== Segment start ==
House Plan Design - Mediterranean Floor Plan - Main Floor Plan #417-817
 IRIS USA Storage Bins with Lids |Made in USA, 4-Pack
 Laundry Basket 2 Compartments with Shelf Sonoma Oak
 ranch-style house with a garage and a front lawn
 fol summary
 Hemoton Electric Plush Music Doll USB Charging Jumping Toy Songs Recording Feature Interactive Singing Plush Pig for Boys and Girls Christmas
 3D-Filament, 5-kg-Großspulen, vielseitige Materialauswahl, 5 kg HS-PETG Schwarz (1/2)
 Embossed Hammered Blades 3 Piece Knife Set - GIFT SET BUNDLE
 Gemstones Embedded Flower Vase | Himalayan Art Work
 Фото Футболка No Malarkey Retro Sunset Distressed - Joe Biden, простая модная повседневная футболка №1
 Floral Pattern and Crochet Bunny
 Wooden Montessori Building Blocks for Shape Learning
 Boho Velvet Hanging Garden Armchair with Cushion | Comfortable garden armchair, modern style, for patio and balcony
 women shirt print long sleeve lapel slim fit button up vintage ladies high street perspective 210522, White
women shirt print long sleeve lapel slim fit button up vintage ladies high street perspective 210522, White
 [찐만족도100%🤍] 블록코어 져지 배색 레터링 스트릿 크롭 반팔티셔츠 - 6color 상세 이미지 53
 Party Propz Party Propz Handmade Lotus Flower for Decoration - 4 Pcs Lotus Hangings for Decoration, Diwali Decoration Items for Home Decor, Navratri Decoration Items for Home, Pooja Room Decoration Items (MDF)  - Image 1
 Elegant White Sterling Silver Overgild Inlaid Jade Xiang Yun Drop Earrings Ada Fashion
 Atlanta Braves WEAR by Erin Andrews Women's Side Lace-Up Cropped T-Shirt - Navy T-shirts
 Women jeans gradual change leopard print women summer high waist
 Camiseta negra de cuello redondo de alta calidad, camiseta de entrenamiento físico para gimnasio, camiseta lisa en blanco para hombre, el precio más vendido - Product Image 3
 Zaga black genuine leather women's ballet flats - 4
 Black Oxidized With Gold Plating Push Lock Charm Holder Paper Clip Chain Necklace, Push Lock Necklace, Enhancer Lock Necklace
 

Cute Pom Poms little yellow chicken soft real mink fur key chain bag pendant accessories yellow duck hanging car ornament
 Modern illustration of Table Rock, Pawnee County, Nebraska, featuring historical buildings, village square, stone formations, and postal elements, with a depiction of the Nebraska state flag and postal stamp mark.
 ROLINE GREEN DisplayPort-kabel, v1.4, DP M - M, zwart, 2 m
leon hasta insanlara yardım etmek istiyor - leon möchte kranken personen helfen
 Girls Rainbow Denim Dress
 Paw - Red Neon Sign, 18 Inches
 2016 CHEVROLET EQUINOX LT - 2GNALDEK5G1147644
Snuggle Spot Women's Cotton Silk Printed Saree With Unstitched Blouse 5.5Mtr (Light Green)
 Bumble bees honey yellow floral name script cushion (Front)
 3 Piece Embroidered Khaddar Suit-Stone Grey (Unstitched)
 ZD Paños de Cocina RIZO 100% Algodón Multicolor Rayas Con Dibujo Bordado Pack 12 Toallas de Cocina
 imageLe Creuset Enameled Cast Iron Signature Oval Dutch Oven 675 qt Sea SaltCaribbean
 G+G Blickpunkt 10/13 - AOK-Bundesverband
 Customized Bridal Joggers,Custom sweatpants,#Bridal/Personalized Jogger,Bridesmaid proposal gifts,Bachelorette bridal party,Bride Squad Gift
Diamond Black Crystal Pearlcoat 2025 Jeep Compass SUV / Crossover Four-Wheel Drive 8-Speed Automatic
== Segment end ==
Goal of the exercise: Each line in which the string "street" is found must be copied from the data.

The completed task:
 women shirt print long sleeve lapel slim fit button up vintage ladies high street perspective 210522, White
women shirt print long sleeve lapel slim fit button up vintage ladies high street perspective 210522, White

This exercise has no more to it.